Does Columbia have an estranged relationship with the military? From the 20-plus students who fought for the British during the War for Independence, to those alumni who paid Irish immigrants to take their place on the Civil War battlefield, Columbia has always had a strained relationship with the American military. If, at times, the University seemed wedded to the Armed Forces, as more naval officers graduated from Columbia than from the actual naval academy, it is Columbia who asked for a divorce some time in the '60s and has given the military the cold shoulder ever since. When Provost Alan Brinkley accepted to meet with me to discuss a project for the 369th Harlem Hellfighters Museum, I was shocked.
The 369th was a military unit made up of blacks and Hispanics that actually saw combat at a time when people were supposed to remain behind the front lines. It turns out this unit-the first to wear a foreign uniform on the field of battle-is right in the university's backyard, so Columbia rightfully saw a future collaboration as advantageous to both parties. After deciding how the university could help preserve and catalogue documents, the provost made the following comments: "The image that Columbia University is anti-military is bad for everyone. It's bad for the students, the faculty, and the alumni."

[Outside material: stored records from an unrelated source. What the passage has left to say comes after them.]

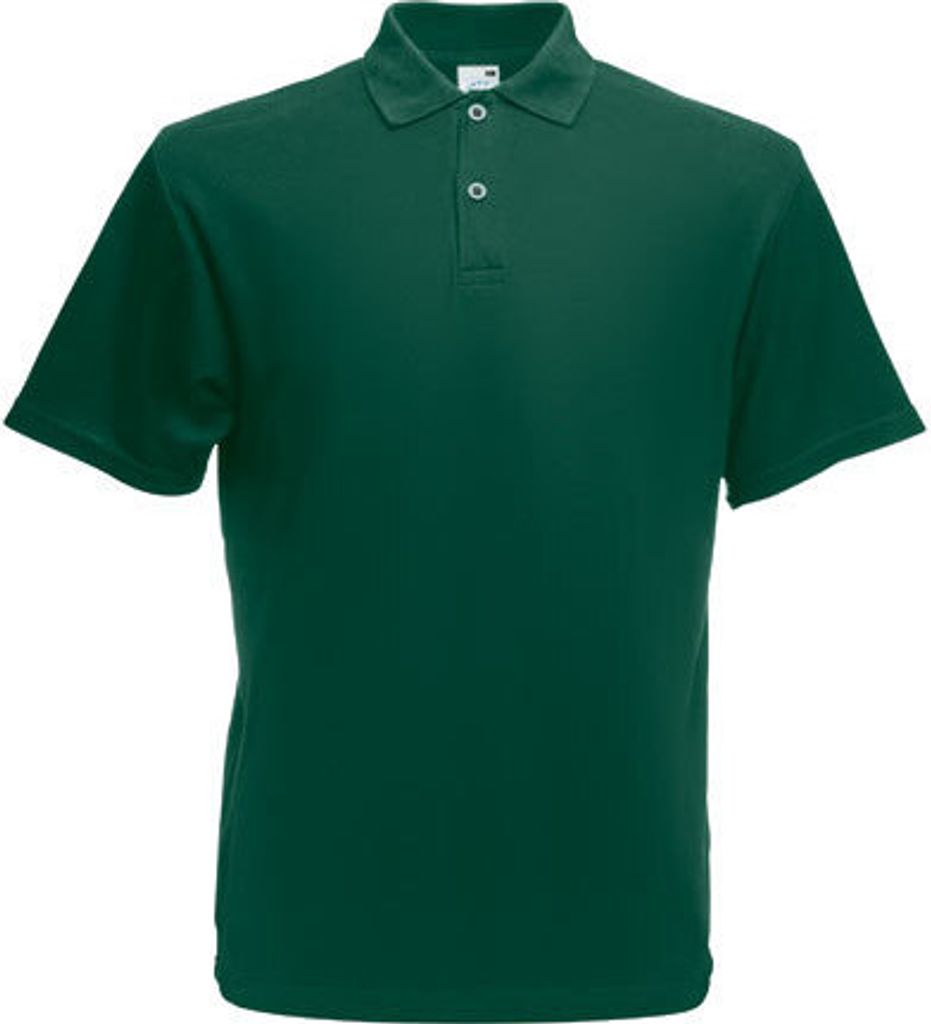 Fruit of the Loom - Original Polo - Forest Green - 3XL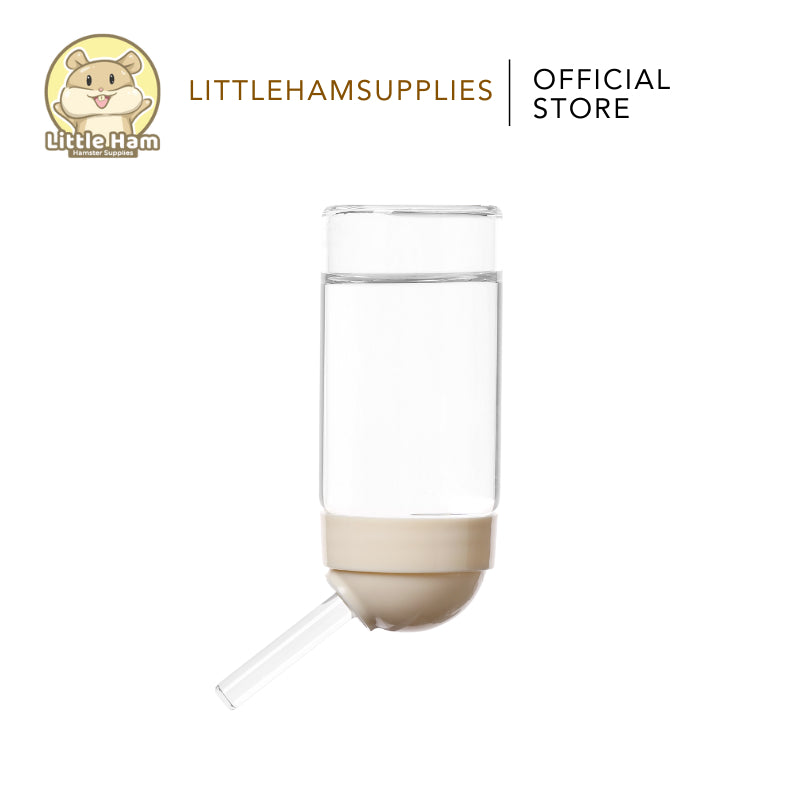 Tafit Ceramic Cake Water Bottle Holder with bottle for small Pets Vacuum  Type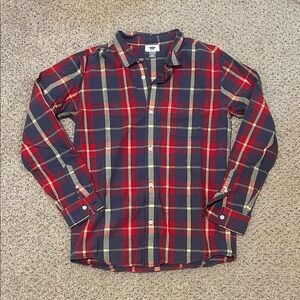NEVER WORN Old Navy Boys’s button down shirt
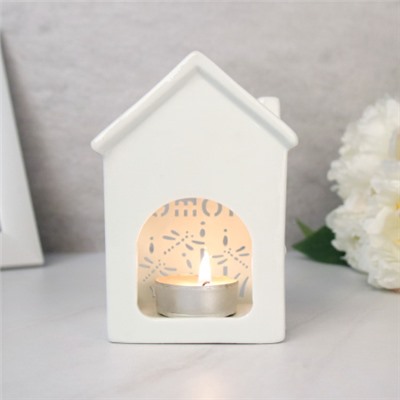 Аромалампа Домик 12 см / 921 /уп 96/ПРОМО АКЦИЯ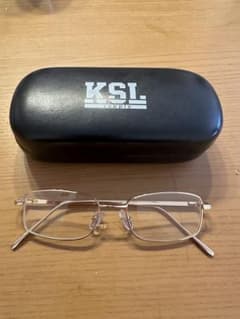 KSL SUPPLY ゴールドフレームメガネのサムネイル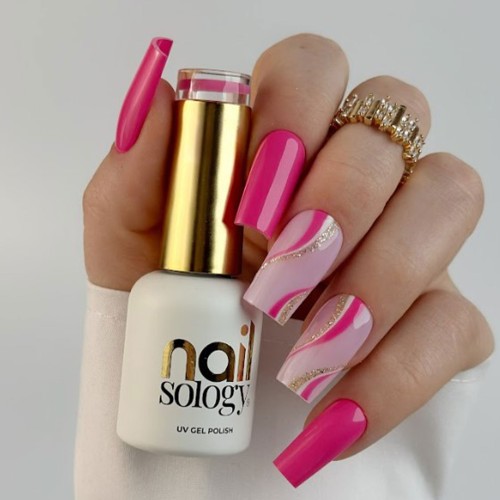Clavier Nailsology Lakier hybrydowy do paznokci 018 Cutie Max intensywny kolor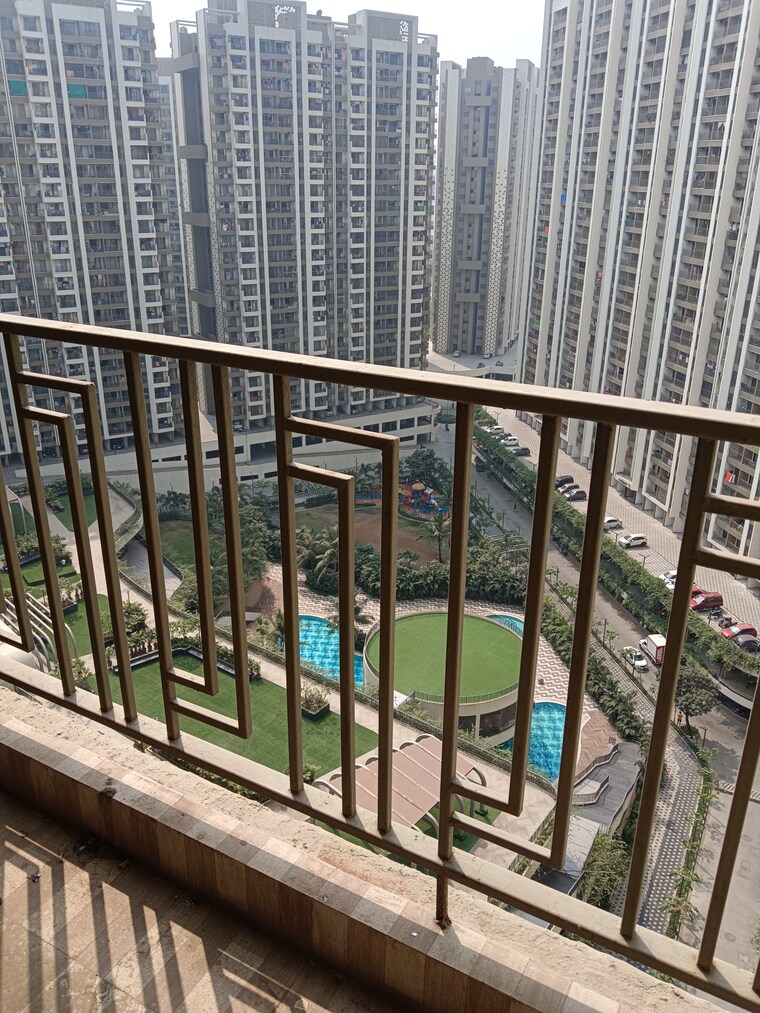 Balcony, regency-anantam 2 Bedroom 640 Sq.Ft. Apartment In Dombivli East Thane 9368140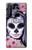 S3821 Sugar Skull Steampunk Fille Gothique Etui Coque Housse pour Sony Xperia 1 II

How did Columbia get this image? It may be hard to believe but many critics have questioned the university's stance long before the creation of Fox News. During the First World War, Columbia professors and students came down on both sides of the fence. Some members of the faculty were considered too pro-German, others were strong advocates for the socialist revolution, and still others denounced the war economy and profiteers. Does any of this sound familiar almost a century later?
If liberalism were a religion, Columbia University would be a sort of East Coast mecca where devotees flock to take part in the festivities of pro-revolutionary culture that flourishes on campus. It's not hard to imagine protesters swarming counterclockwise around the sundial and fancying themselves as the protectors of the true faith against the banality of the American experience. If the academy were a bubble, the University is an air bag designed to protect the occupants from the impact of the outside world-the real world.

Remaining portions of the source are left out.